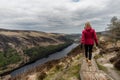 Woman traveler in a red jacket in the Spink Viewing Spot in Wicklow mountains national park, Ireland Royalty Free Stock Photo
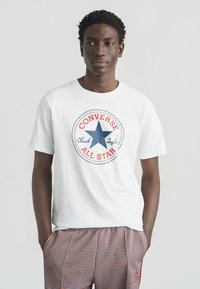 T-shirt en coton blanc avec un logo graphique rond rouge et bleu, comportant une étoile et le texte "CONVERSE CHUCK TAYLOR ALL STAR" au centre.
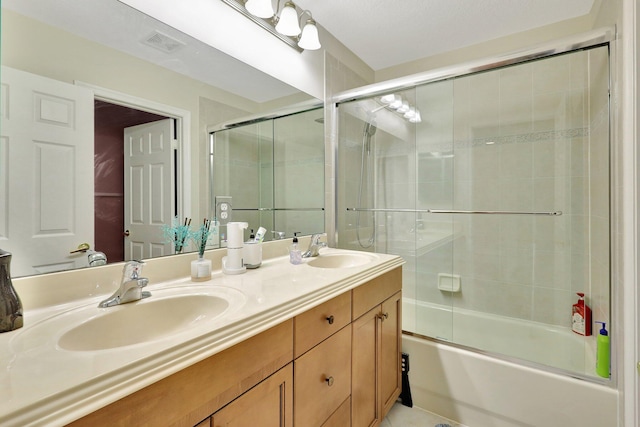 bathroom with vanity and enclosed tub / shower combo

**Your assignment**
Make an exact copy of the lines from the top of the material through the line with "T-shirt en coton", pictures excluded.

**Finished task**
 Woman traveler in a red jacket in the Spink Viewing Spot in Wicklow mountains national park, Ireland Royalty Free Stock Photo
 T-shirt en coton blanc avec un logo graphique rond rouge et bleu, comportant une étoile et le texte "CONVERSE CHUCK TAYLOR ALL STAR" au centre.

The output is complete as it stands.